Records from a data collection:
━━━━━━━━
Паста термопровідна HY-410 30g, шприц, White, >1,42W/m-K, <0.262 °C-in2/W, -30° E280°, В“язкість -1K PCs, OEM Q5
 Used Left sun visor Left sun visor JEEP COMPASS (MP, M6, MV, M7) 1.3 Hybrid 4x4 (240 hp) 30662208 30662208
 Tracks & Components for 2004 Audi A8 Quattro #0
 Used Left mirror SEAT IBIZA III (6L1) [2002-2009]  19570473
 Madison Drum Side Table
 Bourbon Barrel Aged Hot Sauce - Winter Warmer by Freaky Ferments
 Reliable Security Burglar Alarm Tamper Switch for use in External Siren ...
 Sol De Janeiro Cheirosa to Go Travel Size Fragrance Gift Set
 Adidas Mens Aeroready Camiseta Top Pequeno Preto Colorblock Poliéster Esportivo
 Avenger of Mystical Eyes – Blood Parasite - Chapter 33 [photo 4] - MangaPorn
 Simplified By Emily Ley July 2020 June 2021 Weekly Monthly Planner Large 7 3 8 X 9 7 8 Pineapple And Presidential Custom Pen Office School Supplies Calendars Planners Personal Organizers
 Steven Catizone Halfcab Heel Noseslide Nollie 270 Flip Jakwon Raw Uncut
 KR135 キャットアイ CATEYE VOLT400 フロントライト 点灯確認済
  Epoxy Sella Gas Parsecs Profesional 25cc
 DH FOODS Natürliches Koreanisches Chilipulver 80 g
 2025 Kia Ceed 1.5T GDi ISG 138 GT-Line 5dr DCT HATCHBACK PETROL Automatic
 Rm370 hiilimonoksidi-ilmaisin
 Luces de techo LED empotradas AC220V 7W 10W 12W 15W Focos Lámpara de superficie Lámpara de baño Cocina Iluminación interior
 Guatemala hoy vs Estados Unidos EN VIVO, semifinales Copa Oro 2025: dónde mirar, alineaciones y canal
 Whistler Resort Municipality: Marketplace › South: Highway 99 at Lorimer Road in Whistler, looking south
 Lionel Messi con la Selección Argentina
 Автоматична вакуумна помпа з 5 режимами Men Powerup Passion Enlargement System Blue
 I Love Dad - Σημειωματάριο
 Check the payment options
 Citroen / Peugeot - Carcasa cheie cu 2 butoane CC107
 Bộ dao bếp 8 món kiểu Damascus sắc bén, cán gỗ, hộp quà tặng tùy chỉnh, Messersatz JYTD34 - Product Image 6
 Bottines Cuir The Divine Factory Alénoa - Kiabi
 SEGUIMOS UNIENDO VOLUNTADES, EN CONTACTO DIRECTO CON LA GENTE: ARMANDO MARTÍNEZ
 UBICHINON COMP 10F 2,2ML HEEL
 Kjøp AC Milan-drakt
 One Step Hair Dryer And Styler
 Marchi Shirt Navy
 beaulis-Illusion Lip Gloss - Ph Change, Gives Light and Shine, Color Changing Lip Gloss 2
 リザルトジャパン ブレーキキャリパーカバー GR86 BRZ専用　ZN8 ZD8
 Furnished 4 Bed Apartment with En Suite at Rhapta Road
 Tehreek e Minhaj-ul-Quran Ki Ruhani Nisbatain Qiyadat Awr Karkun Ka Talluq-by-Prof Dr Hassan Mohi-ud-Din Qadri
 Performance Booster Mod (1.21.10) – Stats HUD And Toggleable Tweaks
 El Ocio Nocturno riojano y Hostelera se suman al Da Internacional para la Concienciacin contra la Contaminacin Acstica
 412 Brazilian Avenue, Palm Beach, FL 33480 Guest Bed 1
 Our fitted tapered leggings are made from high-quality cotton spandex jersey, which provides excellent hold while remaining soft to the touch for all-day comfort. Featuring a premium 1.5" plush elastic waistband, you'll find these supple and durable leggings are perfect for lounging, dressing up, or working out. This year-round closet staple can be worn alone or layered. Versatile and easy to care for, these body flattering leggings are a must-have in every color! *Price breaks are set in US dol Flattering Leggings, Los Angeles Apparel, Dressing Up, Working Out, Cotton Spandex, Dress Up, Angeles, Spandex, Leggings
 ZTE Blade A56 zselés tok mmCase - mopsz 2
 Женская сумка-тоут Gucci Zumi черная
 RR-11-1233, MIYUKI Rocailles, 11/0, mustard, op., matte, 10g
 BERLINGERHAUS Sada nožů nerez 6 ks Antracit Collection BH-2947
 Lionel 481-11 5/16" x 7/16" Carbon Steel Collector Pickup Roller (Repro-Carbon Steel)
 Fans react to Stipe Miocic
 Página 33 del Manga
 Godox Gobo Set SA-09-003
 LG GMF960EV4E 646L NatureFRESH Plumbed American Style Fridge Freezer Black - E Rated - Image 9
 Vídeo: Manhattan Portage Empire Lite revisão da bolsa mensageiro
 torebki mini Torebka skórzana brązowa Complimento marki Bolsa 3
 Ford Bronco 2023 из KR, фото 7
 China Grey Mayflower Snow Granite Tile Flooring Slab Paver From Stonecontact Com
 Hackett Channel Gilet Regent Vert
━━━━━━━━
Exercise requirements: Please transcribe all of the records, keeping every line exactly as it is.

Result of this task:
Паста термопровідна HY-410 30g, шприц, White, >1,42W/m-K, <0.262 °C-in2/W, -30° E280°, В“язкість -1K PCs, OEM Q5
 Used Left sun visor Left sun visor JEEP COMPASS (MP, M6, MV, M7) 1.3 Hybrid 4x4 (240 hp) 30662208 30662208
 Tracks & Components for 2004 Audi A8 Quattro #0
 Used Left mirror SEAT IBIZA III (6L1) [2002-2009]  19570473
 Madison Drum Side Table
 Bourbon Barrel Aged Hot Sauce - Winter Warmer by Freaky Ferments
 Reliable Security Burglar Alarm Tamper Switch for use in External Siren ...
 Sol De Janeiro Cheirosa to Go Travel Size Fragrance Gift Set
 Adidas Mens Aeroready Camiseta Top Pequeno Preto Colorblock Poliéster Esportivo
 Avenger of Mystical Eyes – Blood Parasite - Chapter 33 [photo 4] - MangaPorn
 Simplified By Emily Ley July 2020 June 2021 Weekly Monthly Planner Large 7 3 8 X 9 7 8 Pineapple And Presidential Custom Pen Office School Supplies Calendars Planners Personal Organizers
 Steven Catizone Halfcab Heel Noseslide Nollie 270 Flip Jakwon Raw Uncut
 KR135 キャットアイ CATEYE VOLT400 フロントライト 点灯確認済
  Epoxy Sella Gas Parsecs Profesional 25cc
 DH FOODS Natürliches Koreanisches Chilipulver 80 g
 2025 Kia Ceed 1.5T GDi ISG 138 GT-Line 5dr DCT HATCHBACK PETROL Automatic
 Rm370 hiilimonoksidi-ilmaisin
 Luces de techo LED empotradas AC220V 7W 10W 12W 15W Focos Lámpara de superficie Lámpara de baño Cocina Iluminación interior
 Guatemala hoy vs Estados Unidos EN VIVO, semifinales Copa Oro 2025: dónde mirar, alineaciones y canal
 Whistler Resort Municipality: Marketplace › South: Highway 99 at Lorimer Road in Whistler, looking south
 Lionel Messi con la Selección Argentina
 Автоматична вакуумна помпа з 5 режимами Men Powerup Passion Enlargement System Blue
 I Love Dad - Σημειωματάριο
 Check the payment options
 Citroen / Peugeot - Carcasa cheie cu 2 butoane CC107
 Bộ dao bếp 8 món kiểu Damascus sắc bén, cán gỗ, hộp quà tặng tùy chỉnh, Messersatz JYTD34 - Product Image 6
 Bottines Cuir The Divine Factory Alénoa - Kiabi
 SEGUIMOS UNIENDO VOLUNTADES, EN CONTACTO DIRECTO CON LA GENTE: ARMANDO MARTÍNEZ
 UBICHINON COMP 10F 2,2ML HEEL
 Kjøp AC Milan-drakt
 One Step Hair Dryer And Styler
 Marchi Shirt Navy
 beaulis-Illusion Lip Gloss - Ph Change, Gives Light and Shine, Color Changing Lip Gloss 2
 リザルトジャパン ブレーキキャリパーカバー GR86 BRZ専用　ZN8 ZD8
 Furnished 4 Bed Apartment with En Suite at Rhapta Road
 Tehreek e Minhaj-ul-Quran Ki Ruhani Nisbatain Qiyadat Awr Karkun Ka Talluq-by-Prof Dr Hassan Mohi-ud-Din Qadri
 Performance Booster Mod (1.21.10) – Stats HUD And Toggleable Tweaks
 El Ocio Nocturno riojano y Hostelera se suman al Da Internacional para la Concienciacin contra la Contaminacin Acstica
 412 Brazilian Avenue, Palm Beach, FL 33480 Guest Bed 1
 Our fitted tapered leggings are made from high-quality cotton spandex jersey, which provides excellent hold while remaining soft to the touch for all-day comfort. Featuring a premium 1.5" plush elastic waistband, you'll find these supple and durable leggings are perfect for lounging, dressing up, or working out. This year-round closet staple can be worn alone or layered. Versatile and easy to care for, these body flattering leggings are a must-have in every color! *Price breaks are set in US dol Flattering Leggings, Los Angeles Apparel, Dressing Up, Working Out, Cotton Spandex, Dress Up, Angeles, Spandex, Leggings
 ZTE Blade A56 zselés tok mmCase - mopsz 2
 Женская сумка-тоут Gucci Zumi черная
 RR-11-1233, MIYUKI Rocailles, 11/0, mustard, op., matte, 10g
 BERLINGERHAUS Sada nožů nerez 6 ks Antracit Collection BH-2947
 Lionel 481-11 5/16" x 7/16" Carbon Steel Collector Pickup Roller (Repro-Carbon Steel)
 Fans react to Stipe Miocic
 Página 33 del Manga
 Godox Gobo Set SA-09-003
 LG GMF960EV4E 646L NatureFRESH Plumbed American Style Fridge Freezer Black - E Rated - Image 9
 Vídeo: Manhattan Portage Empire Lite revisão da bolsa mensageiro
 torebki mini Torebka skórzana brązowa Complimento marki Bolsa 3
 Ford Bronco 2023 из KR, фото 7
 China Grey Mayflower Snow Granite Tile Flooring Slab Paver From Stonecontact Com
 Hackett Channel Gilet Regent Vert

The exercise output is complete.